Il grande pubblico lo ricorda quasi esclusivamente nel ruolo di Joe Tribbiani, Joey, uno dei protagonisti della fortunatissima serie televisiva Friends (10 stagioni, tra il 1994 ed il 2004). Adesso Matthew LeBlanc, il suo interprete, oggi con i capelli grigi e qualche chilo in più, torna sul piccolo schermo con Top Gear, una delle trasmissioni cult del mondo dell’auto, almeno fino a quando c’erano Jeremy Clarkson, James May e Richard Hammond. La BBC ha ufficializzato il suo ingaggio al fianco del nuovo conduttore, Chris Evans.

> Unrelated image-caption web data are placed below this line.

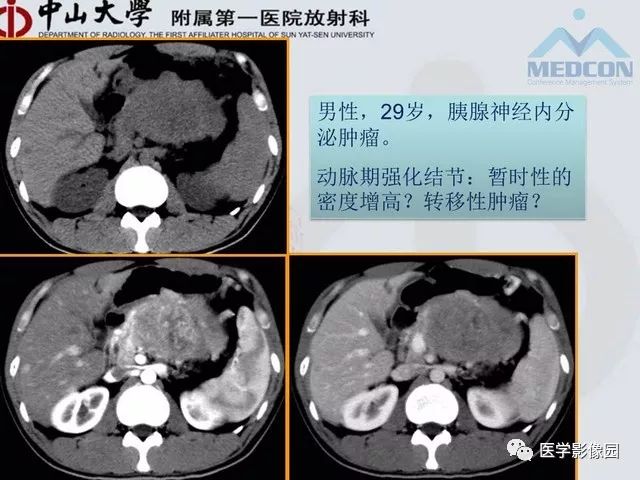 【PPT】胃肠胰神经内分泌肿瘤的病理与治疗后影像观察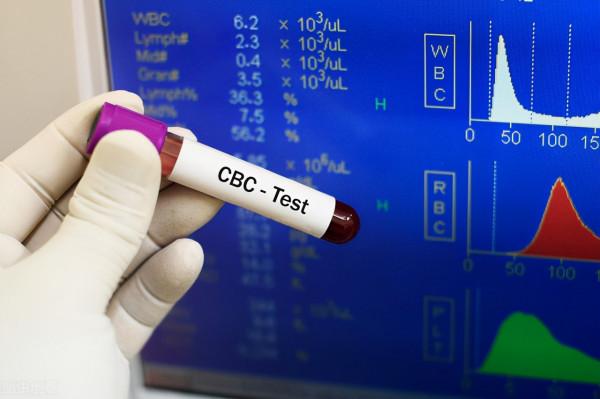 很多人可能都不知道，血常規指標可以推算腫瘤預後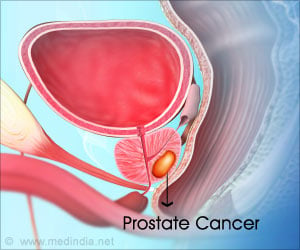 Spread of Prostate Cancer may be Delayed With Apalutamide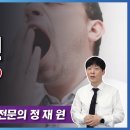 하품이 계속 난다면 뇌졸중!? 하품을 하는 이유 (뇌졸중 전조증상, 하품이 나는 이유) 이미지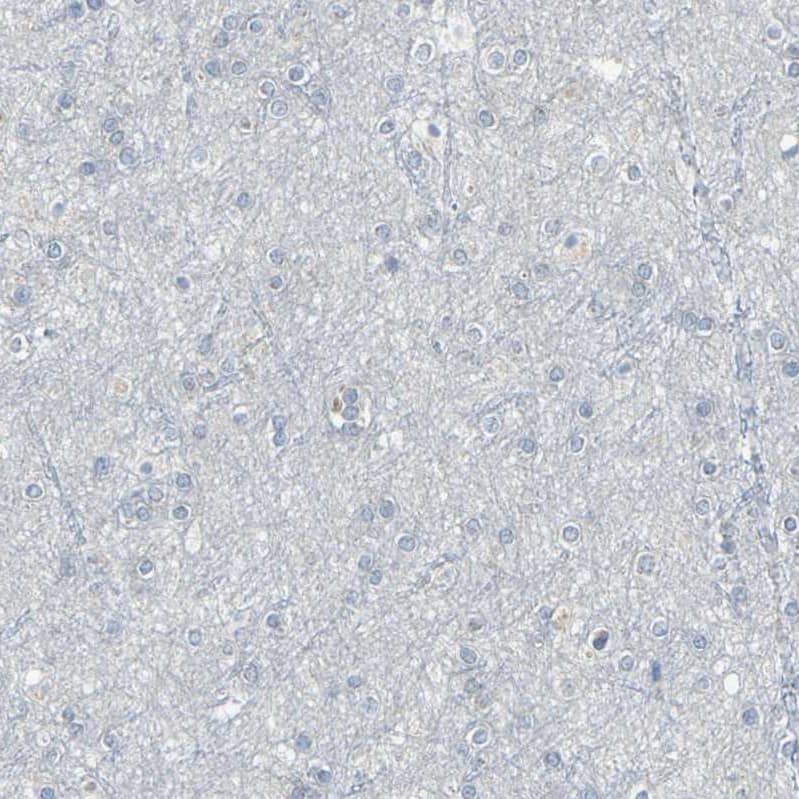 Staining of human cerebral cortex shows no positivity in neurons as expected.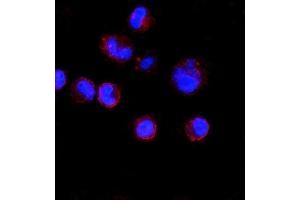 IF analysis of CD74 using anti-CD74 antibody (ABIN7603166). (CD74 anticorps  (N-Term))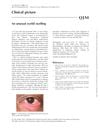 An Unusual Eyelid Swelling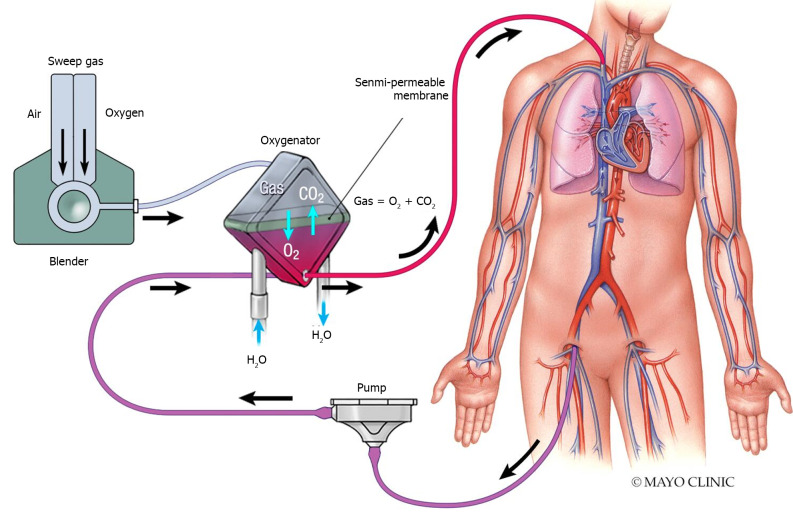 Inhaled volatile anesthetics in the intensive care unit.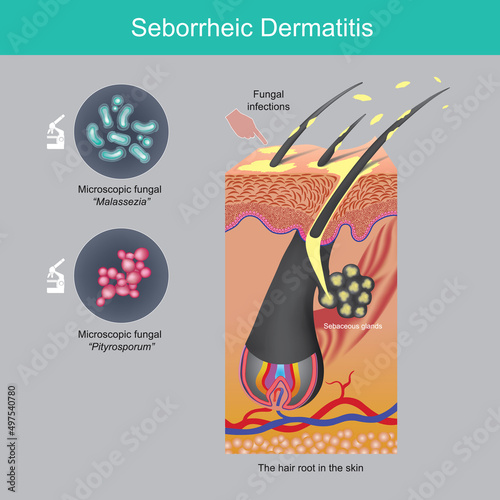Seborrheic Dermatitis. Scalp fall of sheets problem caused by sebaceous glands in hair roots skin and fungi on scalp..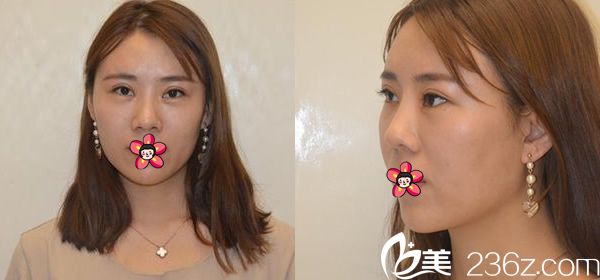 寧波美萊姚遠(yuǎn)雙眼皮脂肪填充案例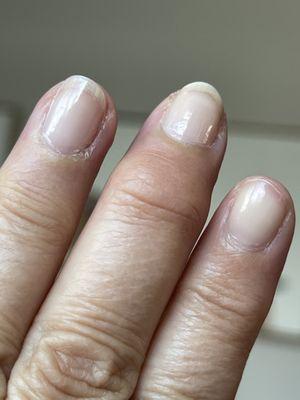 Peeled/chipped index finger and shredded cuticles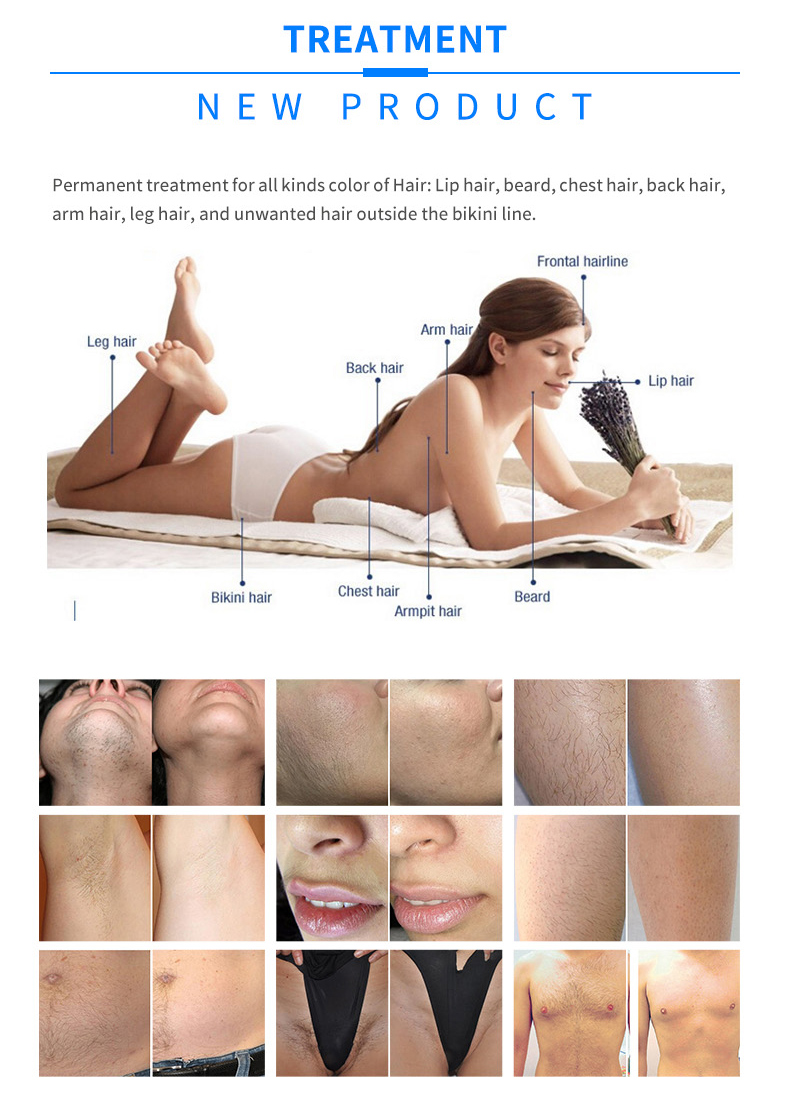 diode laser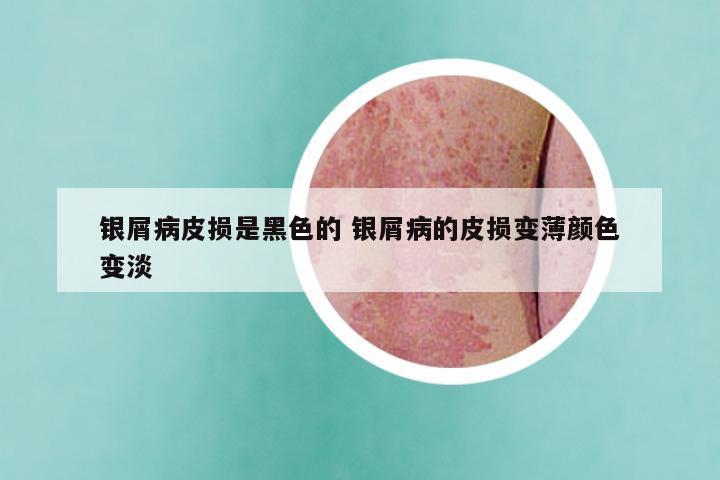 银屑病皮损是黑色的 银屑病的皮损变薄颜色变淡
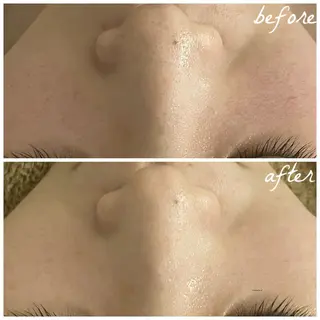 メンズ メナード岐阜茜部 杉浦のエステ・リラクイメージ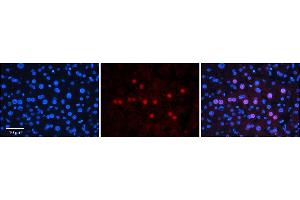 Rabbit Anti-GNL3L Antibody  Catalog Number: ARP58798_P050 Formalin Fixed Paraffin Embedded Tissue: Human Adult Liver  Observed Staining: Nuclear in hepatocytes, moderate signal, low tissue distribution Primary Antibody Concentration: 1:100 Secondary Antibody: Donkey anti-Rabbit-Cy3 Secondary Antibody Concentration: 1:200 Magnification: 20X Exposure Time: 0. (GNL3L antibody  (N-Term))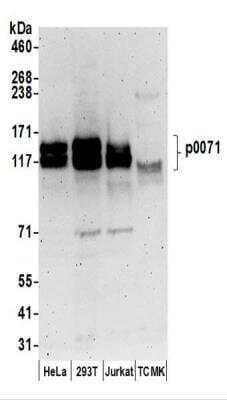 Western Blot: Plakophilin 4 Antibody [NBP2-37691]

In qualche modo, per LeBlanc si tratta di un ritorno: almeno come ospite aveva preso parte a Top Gear nel 2012 subito dopo aver vinto un Golden Globe spiegando anche che ci si allena a fare la faccia da perdente per le celebrazioni. Con il tempo di 1’42″1, al volante di una Kia, LeBlanc aveva all’epoca stabilito il nuovo giro più veloce nel quale si cimentano i vip che intervengono.

Dopo l’allontanamento di Clarkson ed il successivo divorzio dei suoi due compagni di avventura che hanno deciso di seguirlo ad Amazon, il rilancio di Top Gear è piuttosto tormentato, anche se offre numerosi spunti di cronaca alla stampa, soprattutto britannica. A parte quello che è stato presentato come il gran rifiuto di David Coulthard (sembrava in ballo anche Jenson Button), la produttrice Lisa Clark, richiamata per rianimare lo show, se n’è andata dopo appena 5 mesi.

Poi i nomi dei co-conduttori, il giornalista Chris Harris, descritto come “virtualmente sconosciuto”, e la regina tedesca della Nordschleife, Sabine Schmitz, avevano sorpreso gli appassionati, ma contribuito a tenere vivo l’interesse attorno alla rubrica. Peraltro, la BBC ha anticipato di voler rendere noti a breve altri nomi della squadra. Il conduttore Chris Evans era finito sulle pagine non solo dei tabloid per via dei (presunti) problemi di stomaco frutto di qualche giro al fianco della stessa Schmitz su una Audi R8 V10, tanto che perfino l’Independent è arrivato a scrivere che “molte persone affermano che forse (Evans) non è adatto al ruolo”.